Such experiences are hard to duplicate. They require a background and a context (many months in a cold, dark basement, in my case). If I did this every day, it wouldn't be so special. Yet I defied my normal physical boundaries, if only for a moment. That's all I could as for.
Flying is one of those dream which has always haunted mankind. The New Age movement says that this is because we once did in a previous life. Yet their system of endless works-based reincarnation and grasps as godhood are as saddening as they are laughable. It's amazing where a little false premise here and there will lead you.
In reality, the dream of flying is but a fantasy, an imagination-powered boost out of the ordinary. Just as I hold fantasical dreams where I am no longer a mild-mannered student but a monster-hunter extraordinaire, or a master of infiltration, the common dream of flight is the wish to break the common hold of gravity. Just as my wish to overcome relative physical weakness and inability to correct injustice is reflecting in my choice of imaginary careers, most gravity-bound people wish to escape their flat existence.
Enter Cloud.
Video games are a unique art-form which allows for direct interaction. They are dynamic, not static. They allow for exploration, not passive observation. Every game is composed of a mixure of two elements: story and gameplay. Some have more of one then another, some are almost entirly one or the other.

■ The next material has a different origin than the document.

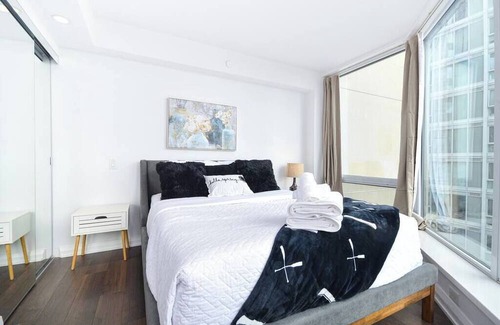 Bloor-Yorkville Hotel | yorkville downtown toronto condo
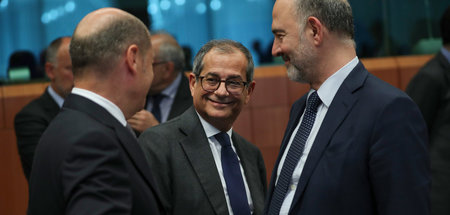 Bundesfinanzminister Olaf Scholz (l-r, SPD) mit Giovanni Tria, F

Cloud is a game with simple gameplay; flyaround and group the clouds together, while chasing off the smoke. But the main element is the joy of flying about though the sky with no limitations. You make your own story, it doesn't matter what. Cloud givse the player the equivilent of a sandbox, only with sky, the ability to explore an impossible setting. It the imagining of a limitless world, only instead of a flat, static canvase, the artist makes the world alive and dymanic. It's depiction of a utopia that exists only in ones mind is an exellent example the just how games can be artistic. I hope to later expand upon this premise, even showing the art inherent in games like Pac-Man and Tempest.